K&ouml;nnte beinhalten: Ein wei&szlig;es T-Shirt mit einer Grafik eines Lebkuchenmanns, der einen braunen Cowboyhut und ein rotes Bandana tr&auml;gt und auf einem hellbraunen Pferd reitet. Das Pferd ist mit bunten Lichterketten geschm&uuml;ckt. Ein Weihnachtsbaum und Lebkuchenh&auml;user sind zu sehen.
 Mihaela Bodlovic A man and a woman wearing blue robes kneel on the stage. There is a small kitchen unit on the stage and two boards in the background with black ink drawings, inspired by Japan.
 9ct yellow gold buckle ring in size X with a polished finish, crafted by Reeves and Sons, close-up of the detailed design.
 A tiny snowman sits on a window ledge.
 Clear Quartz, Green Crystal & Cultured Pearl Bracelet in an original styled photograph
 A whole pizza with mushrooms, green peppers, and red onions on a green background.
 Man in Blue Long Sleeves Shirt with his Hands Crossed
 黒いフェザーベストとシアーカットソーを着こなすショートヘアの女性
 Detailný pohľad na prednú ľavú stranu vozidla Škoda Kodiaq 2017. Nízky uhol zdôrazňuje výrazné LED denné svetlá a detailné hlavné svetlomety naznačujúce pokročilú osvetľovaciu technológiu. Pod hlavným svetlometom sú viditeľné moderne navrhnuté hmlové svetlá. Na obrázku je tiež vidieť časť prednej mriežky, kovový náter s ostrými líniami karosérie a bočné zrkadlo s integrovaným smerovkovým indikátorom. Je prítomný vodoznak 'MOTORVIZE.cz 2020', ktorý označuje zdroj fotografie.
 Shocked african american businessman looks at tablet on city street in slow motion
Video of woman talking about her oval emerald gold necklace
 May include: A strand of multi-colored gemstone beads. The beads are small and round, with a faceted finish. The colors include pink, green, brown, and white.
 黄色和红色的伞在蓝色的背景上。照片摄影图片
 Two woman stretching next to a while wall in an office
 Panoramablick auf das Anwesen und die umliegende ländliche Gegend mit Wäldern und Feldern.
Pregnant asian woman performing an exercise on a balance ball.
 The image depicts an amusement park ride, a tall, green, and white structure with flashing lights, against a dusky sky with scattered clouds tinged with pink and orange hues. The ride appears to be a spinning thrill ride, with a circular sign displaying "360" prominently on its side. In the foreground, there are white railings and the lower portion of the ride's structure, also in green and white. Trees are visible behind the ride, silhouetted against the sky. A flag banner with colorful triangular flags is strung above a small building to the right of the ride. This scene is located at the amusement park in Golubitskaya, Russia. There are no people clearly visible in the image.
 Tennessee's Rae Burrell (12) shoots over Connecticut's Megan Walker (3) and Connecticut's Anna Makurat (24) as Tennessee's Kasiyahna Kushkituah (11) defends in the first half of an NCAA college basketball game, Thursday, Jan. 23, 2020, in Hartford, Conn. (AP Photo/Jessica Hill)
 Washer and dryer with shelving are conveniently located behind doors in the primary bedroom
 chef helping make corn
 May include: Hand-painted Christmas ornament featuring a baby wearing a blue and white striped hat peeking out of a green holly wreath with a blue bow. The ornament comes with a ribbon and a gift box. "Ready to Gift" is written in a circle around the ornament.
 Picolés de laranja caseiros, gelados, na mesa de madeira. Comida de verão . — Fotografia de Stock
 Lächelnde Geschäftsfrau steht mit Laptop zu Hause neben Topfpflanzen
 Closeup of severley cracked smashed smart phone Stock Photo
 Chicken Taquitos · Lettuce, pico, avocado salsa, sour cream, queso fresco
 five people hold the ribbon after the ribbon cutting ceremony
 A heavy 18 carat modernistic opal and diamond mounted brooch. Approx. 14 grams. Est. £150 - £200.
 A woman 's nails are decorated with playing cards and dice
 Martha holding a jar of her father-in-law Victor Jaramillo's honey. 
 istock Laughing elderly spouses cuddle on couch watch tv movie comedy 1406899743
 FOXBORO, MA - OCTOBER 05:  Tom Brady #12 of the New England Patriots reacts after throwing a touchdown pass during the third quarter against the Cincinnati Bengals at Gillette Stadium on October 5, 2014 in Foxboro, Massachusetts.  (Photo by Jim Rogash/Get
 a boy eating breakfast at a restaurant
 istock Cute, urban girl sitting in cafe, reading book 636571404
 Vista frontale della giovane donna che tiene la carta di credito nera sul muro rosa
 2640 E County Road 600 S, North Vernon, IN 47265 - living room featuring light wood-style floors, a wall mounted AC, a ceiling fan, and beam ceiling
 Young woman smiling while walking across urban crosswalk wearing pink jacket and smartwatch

**REQUIRED ACTION**
Keeping every character as it is, restate the lines above that run from the line with "9ct yellow gold" through the line with "Video of woman", both included, and nothing else.

**RESPONSE TO THIS EXERCISE**
 9ct yellow gold buckle ring in size X with a polished finish, crafted by Reeves and Sons, close-up of the detailed design.
 A tiny snowman sits on a window ledge.
 Clear Quartz, Green Crystal & Cultured Pearl Bracelet in an original styled photograph
 A whole pizza with mushrooms, green peppers, and red onions on a green background.
 Man in Blue Long Sleeves Shirt with his Hands Crossed
 黒いフェザーベストとシアーカットソーを着こなすショートヘアの女性
 Detailný pohľad na prednú ľavú stranu vozidla Škoda Kodiaq 2017. Nízky uhol zdôrazňuje výrazné LED denné svetlá a detailné hlavné svetlomety naznačujúce pokročilú osvetľovaciu technológiu. Pod hlavným svetlometom sú viditeľné moderne navrhnuté hmlové svetlá. Na obrázku je tiež vidieť časť prednej mriežky, kovový náter s ostrými líniami karosérie a bočné zrkadlo s integrovaným smerovkovým indikátorom. Je prítomný vodoznak 'MOTORVIZE.cz 2020', ktorý označuje zdroj fotografie.
 Shocked african american businessman looks at tablet on city street in slow motion
Video of woman talking about her oval emerald gold necklace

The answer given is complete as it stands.